Dataset extract >>
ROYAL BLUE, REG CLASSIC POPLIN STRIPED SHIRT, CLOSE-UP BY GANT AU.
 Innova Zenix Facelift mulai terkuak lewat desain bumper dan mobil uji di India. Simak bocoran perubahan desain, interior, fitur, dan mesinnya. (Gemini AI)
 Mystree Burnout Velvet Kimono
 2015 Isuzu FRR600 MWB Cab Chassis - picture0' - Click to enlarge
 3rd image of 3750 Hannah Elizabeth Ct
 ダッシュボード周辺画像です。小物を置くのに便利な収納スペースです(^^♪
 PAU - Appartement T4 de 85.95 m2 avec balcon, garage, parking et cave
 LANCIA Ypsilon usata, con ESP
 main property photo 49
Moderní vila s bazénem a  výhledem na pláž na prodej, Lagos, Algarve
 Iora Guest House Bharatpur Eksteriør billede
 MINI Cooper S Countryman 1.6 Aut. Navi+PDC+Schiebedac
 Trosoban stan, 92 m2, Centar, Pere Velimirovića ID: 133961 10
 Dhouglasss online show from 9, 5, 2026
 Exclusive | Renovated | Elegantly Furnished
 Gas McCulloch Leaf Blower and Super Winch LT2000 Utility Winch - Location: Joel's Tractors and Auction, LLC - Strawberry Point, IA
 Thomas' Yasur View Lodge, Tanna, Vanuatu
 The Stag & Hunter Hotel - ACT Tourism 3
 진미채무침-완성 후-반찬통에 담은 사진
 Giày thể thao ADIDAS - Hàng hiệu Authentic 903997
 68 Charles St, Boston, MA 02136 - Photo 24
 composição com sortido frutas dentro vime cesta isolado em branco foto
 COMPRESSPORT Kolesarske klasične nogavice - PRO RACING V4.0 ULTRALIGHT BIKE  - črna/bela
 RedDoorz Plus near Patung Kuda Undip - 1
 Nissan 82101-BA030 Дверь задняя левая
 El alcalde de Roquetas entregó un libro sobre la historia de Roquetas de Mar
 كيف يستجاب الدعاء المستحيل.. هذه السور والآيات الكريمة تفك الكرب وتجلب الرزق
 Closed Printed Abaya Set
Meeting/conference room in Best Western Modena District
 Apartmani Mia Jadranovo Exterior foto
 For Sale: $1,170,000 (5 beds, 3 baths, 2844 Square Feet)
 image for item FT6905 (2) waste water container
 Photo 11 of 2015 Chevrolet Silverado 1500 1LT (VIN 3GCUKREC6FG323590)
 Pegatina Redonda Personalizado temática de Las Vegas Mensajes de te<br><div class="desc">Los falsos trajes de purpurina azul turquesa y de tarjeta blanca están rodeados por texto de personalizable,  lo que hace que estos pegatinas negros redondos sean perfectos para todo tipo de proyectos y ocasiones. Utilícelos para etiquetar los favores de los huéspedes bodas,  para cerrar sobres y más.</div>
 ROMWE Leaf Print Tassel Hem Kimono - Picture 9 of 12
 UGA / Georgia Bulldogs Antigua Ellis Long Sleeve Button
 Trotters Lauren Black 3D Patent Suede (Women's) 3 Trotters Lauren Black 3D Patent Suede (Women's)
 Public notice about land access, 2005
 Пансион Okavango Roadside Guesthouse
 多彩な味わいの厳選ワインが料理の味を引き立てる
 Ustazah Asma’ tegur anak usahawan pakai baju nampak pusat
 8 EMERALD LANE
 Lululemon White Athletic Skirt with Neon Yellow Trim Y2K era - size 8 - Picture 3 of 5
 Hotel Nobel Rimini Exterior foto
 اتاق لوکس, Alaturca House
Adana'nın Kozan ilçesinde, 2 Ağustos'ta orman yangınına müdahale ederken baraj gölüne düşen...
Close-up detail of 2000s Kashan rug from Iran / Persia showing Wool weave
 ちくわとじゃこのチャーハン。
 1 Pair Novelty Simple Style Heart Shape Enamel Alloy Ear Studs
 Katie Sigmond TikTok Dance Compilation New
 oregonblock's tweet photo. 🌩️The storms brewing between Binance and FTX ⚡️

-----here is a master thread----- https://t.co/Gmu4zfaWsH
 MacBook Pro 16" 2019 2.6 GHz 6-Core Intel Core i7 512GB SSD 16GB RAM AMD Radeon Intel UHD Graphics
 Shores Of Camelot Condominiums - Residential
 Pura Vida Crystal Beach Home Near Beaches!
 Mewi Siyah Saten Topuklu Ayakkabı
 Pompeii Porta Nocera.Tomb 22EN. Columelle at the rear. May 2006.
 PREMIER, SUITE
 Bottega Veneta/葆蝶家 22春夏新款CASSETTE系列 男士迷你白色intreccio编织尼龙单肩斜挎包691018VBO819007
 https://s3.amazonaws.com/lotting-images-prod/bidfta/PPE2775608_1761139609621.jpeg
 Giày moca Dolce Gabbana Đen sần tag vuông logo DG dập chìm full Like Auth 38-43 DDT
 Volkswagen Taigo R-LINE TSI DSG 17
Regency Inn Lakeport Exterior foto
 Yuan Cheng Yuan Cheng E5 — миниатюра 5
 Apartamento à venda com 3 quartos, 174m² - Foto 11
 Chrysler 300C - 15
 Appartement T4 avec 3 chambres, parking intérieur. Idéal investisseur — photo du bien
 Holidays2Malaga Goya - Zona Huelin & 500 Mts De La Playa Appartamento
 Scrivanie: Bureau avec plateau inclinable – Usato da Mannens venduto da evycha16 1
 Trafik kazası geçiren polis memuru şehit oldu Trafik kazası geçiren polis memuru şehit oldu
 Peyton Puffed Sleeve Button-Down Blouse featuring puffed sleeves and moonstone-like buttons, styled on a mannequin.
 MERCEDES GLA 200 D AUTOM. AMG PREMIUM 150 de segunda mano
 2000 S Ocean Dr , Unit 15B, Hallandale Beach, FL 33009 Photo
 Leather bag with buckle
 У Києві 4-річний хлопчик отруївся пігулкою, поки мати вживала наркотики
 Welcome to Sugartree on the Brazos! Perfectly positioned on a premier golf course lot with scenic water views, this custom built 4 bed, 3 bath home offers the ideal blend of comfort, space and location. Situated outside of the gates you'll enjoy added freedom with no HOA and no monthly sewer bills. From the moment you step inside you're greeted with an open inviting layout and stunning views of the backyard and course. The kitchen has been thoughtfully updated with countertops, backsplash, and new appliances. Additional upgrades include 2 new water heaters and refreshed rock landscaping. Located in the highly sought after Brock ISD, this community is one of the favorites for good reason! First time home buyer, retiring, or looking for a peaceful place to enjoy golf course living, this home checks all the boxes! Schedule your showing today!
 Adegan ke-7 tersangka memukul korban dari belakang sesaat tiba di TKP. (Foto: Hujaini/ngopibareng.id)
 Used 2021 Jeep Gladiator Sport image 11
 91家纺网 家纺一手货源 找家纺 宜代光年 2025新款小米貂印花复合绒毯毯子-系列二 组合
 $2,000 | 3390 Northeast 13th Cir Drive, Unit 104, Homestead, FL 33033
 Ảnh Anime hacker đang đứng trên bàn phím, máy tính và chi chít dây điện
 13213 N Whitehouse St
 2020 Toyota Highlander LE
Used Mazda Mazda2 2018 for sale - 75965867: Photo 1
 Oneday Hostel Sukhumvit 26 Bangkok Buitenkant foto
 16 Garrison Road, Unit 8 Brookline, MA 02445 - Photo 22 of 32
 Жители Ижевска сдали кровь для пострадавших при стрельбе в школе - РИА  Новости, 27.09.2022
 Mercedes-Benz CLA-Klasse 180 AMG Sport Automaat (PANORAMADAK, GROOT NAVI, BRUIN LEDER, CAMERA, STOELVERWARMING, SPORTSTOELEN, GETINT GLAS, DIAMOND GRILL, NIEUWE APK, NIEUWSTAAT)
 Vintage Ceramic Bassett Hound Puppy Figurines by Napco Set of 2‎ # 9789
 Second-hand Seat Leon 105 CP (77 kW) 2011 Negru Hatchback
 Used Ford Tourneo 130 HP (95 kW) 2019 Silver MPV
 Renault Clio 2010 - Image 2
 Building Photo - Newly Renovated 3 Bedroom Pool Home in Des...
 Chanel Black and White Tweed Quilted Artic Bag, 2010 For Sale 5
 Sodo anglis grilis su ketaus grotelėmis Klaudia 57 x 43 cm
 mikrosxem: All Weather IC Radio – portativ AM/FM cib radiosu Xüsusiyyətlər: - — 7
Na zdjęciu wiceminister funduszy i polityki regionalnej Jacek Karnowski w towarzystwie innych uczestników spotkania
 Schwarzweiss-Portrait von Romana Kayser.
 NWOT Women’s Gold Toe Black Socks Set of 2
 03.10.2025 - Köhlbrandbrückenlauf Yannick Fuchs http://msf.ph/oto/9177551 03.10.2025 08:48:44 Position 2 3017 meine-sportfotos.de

Task details >> The lines from the one containing "Schwarzweiss-Portrait von Romana Kayser." through the final line of the listing above are all you should set down, exactly as written.

Answer space >>
 Schwarzweiss-Portrait von Romana Kayser.
 NWOT Women’s Gold Toe Black Socks Set of 2
 03.10.2025 - Köhlbrandbrückenlauf Yannick Fuchs http://msf.ph/oto/9177551 03.10.2025 08:48:44 Position 2 3017 meine-sportfotos.de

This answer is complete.